In my 3rd-5th Grade Guided Reading Unit, I have students add words to a vocabulary notebook on a weekly basis. I've used a variety of vocabulary notebooks in the past with too many different formats to count! Since I want the unit to truly included everything you need, I thought I'd giveaway the vocabulary notebook I'll be using this year. Once again, I'm keeping it simple! With each word, students will add a definition (in their own words), picture, and synonym.

It's on the basic side, but I've learned that if I want to use something all year, I have to be realistic with my goals. I do plan to make front-to-back copies of these notebooks, but I still may have to make two sets for the entire year, because with the units, students will learn about 200 new words. That's a good problem though! That means my students are learning all kinds of new words!  You can click here for a copy!

Monday, July 21, 2014

Data Notebooks

As a teacher there are some things that I'm really proud of, and other areas where I feel like a complete failure. Data notebooks are one of those things where I've failed miserably. I've tried them over and over again, but I've never been able to make the notebooks work for my class. It frustrates me, because deep down I believe that they can be a powerful teaching tool that will help my students monitor their own progress. I have a tendency to bite off more than I can chew, so I'm pretty sure that it's my own fault. I've just never been able to keep up with the management end of the process. I felt like I spent waaaaay too much time working in notebooks, and they ended up losing their value for me.

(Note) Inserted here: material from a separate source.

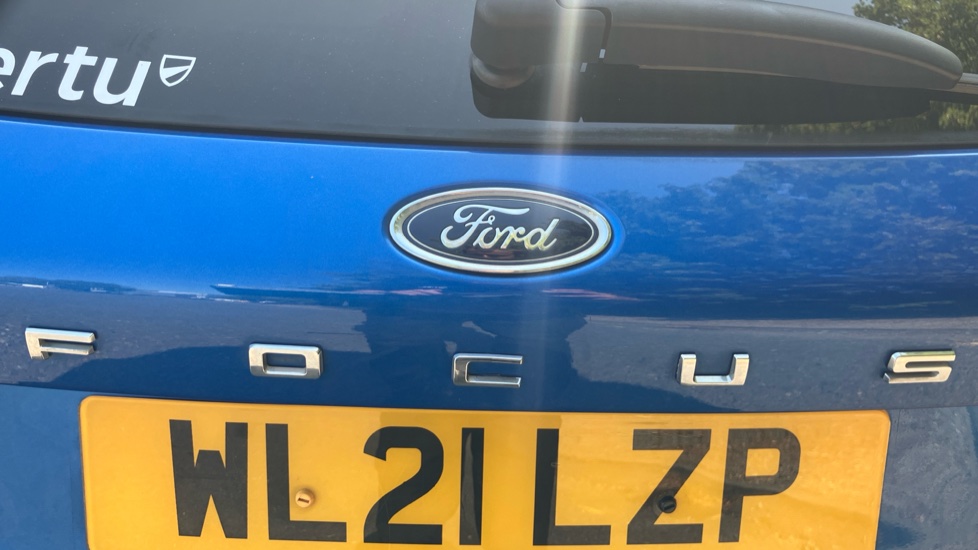 Ford Focus 1.0 EcoBoost 125 ST-Line Edition 5dr Auto Petrol Hatchback - Image 22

However, I'm not giving up! I'm going to keep tweaking things until I find a system that words for me! This year, I'm making myself slow down and take baby steps.  Rather than having students graph every.single.standard. they are only going to create ONE graph that is organized by math domain. I'm also only going to use ONE class profile sheet that is also organized by domain rather than by individual standard. Please don't interpret this as me saying that it's bad to keep data by standard. I think it's great, and I wish I was organized enough to keep up. I'm just looking for something that I'll actually maintain all year, and not quit in the middle of October.

This is my class profile sheet. I love how simple this is!

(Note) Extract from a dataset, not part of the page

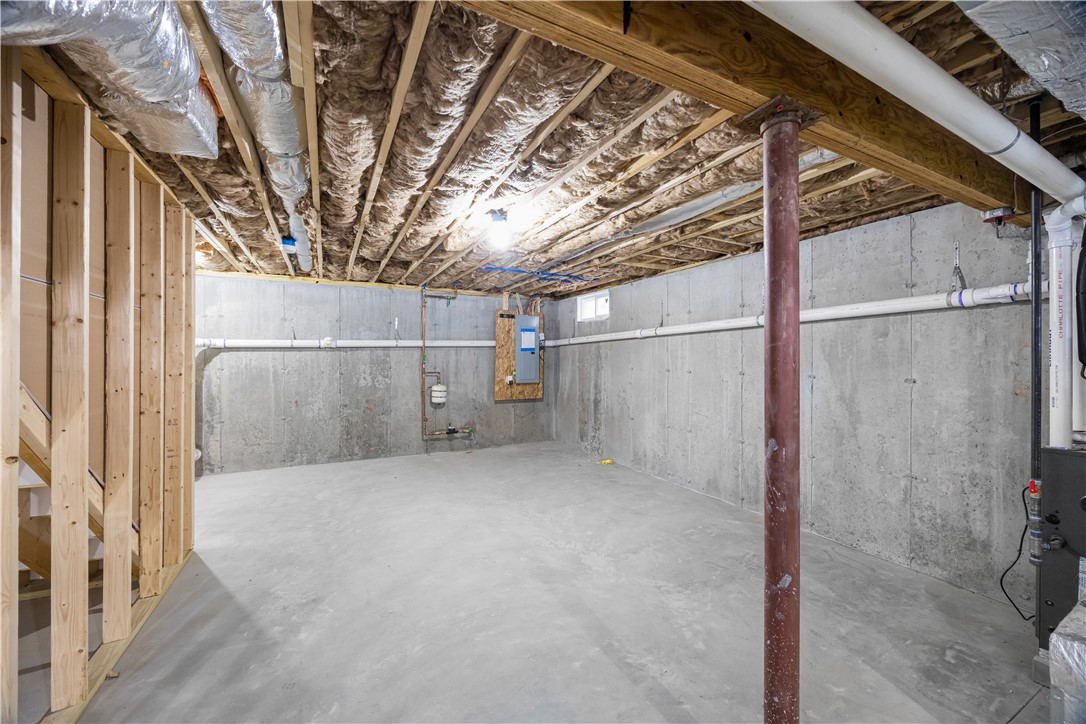 89 St Agnes Avenue Woonsocket, RI 02895 - Photo 35 of 41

I'm going to keep my students' graph in the front of their morning work folder. I chose to store it there, because that's something they keep with them all day. I still haven't decided if I want to use the graph that's organized by pretest and post test or the graph that's organized by pretest, midpoint, and posttest.

This is the graph that organized into pre and post test only.
This is my pre, mid, and post test graph. I went ahead and colored in my wishful thinking data. Yes, the coloring is awful, but all I had at home were my daughter's big, worn-out crayons.

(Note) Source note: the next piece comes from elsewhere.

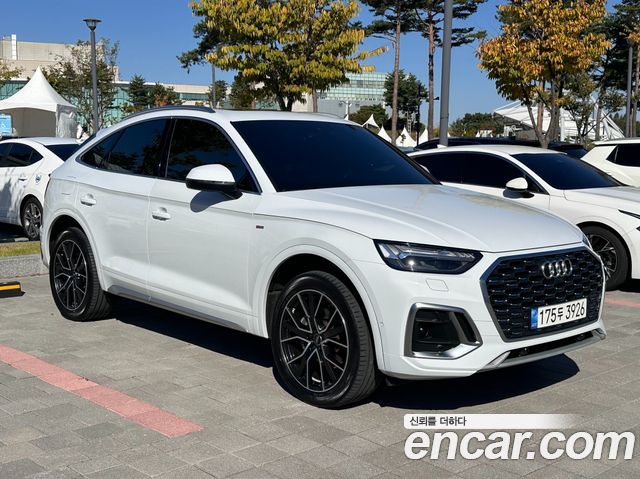 Audi Q5 2022 — photo 2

Another thing that always gave me a problem was that my assessments all had different numbers of problems, so it was hard to determine what increments to use on my graphs. Then, I'd have to help all of my students determine how to graph their score when it didn't fall on an exact increment. This year I'm making everything the same. I'm using my Common Core Math Mini Assessments for my data tracking assessments, so I didn't have to create anything new, which is always great news! I did adjust each page to make sure that everything was consistent. I also added a third assessment to each domain, so that I could give a midpoint assessment.

These are examples of the assessments I'll be using. 

For once, I'm actually confident that I'm going to stick with this all year! I liked that this is simplified, and I really think it will go well with my math instruction, because I don't necessarily isolate standards as I teach. Many times I teach multiple standards at the same time, so this may be a more natural assessment for my students. I did write the standard for each question, so if I'm feeling ambitious I can analyze my data at a deeper level.

What are your tricks for staying organized and keeping up when tracking data? I really want to make this work!

Thursday, July 17, 2014

Guided Reading

I had great intentions of being a good blogger this summer. I had all of these great ideas that I've yet to write about.  I feel like summer is whizzing by in a complete blur. It may have to do with the fact that I stay on the road during the summer. It's kind of hard to blog without Internet! I promise, I will get better! I already have a couple of posts 90% finished. I just have to take a few pictures to tie it all together.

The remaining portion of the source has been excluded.